After some introductory remarks, Whitehead presented a chart of what he took to be the patterns governing the dynamics of energy in his Table of Contents, Chapter Two, “The Categorical Scheme” (p. 18). On page 18, Whitehead introduced the four main features of his new approach to understanding the nature of reality: “actual occasions,” sometimes called “actual entities,” “prehensions” of them, and “nexi,” which govern the interrelations among these key aspects of reality.
Whitehead then briefly explains the relationships among these key aspects of reality: “Actual entities involve each other by reason of their prehensions of each other. These are thus individual facts of the togetherness of the actual entities, which are real, individual, and particular in the same sense in which actual entities and the prehensions are real, individual, and particular. Any such particular fact of togetherness among actual entities is called a nexus…The ultimate facts of immediate actual experience are actual entities, prehensions, and nexus. All else is, for our experience, derivative abstraction.” (p. 20).

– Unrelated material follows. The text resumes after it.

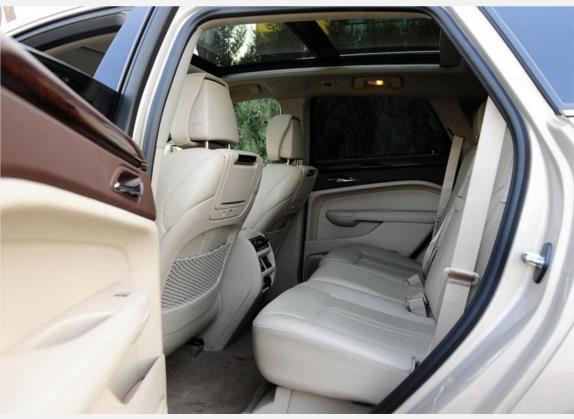 凯迪拉克SRX 2010款 3.0L 旗舰版 车厢座椅   后排空间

The core of Whitehead’s philosophy is energy rather than matter. He holds that the former generates the latter, not vice versa. This may be seen as a different interpretation of the E=mc² formula. For him, energy creates matter, not the other way around. Process is logically prior to matter and may also be experientially prior.
Whitehead’s unpacking of this paragraph constitutes the remainder of Process and Reality. I submit that careful attention to this paragraph replaces the physical understanding of reality with a fluid, dynamic “process” understanding, with energy in the cockpit rather than matter. Relational interaction among the foregoing aspects of reality animates and drives its dynamics, encompassing its human, natural, and spiritual dimensions. In Chapter Two of Part Five, Whitehead introduces the notion of God and explains divinity’s role in the development of world history with “creative and tender care,” as the “poet” of the world, even as that of our “fellow sufferer.”
This approach may provide insight into the radical turnabout in Whitehead’s later philosophy, as well as into his subsequent development of it in his classes and Gifford Lectures. It and he surely deserve the effort involved in such an undertaking, aimed at getting “behind” what Whitehead had in mind, thus shedding further light on John Cobb and David Griffin’s immensely valuable efforts to do so.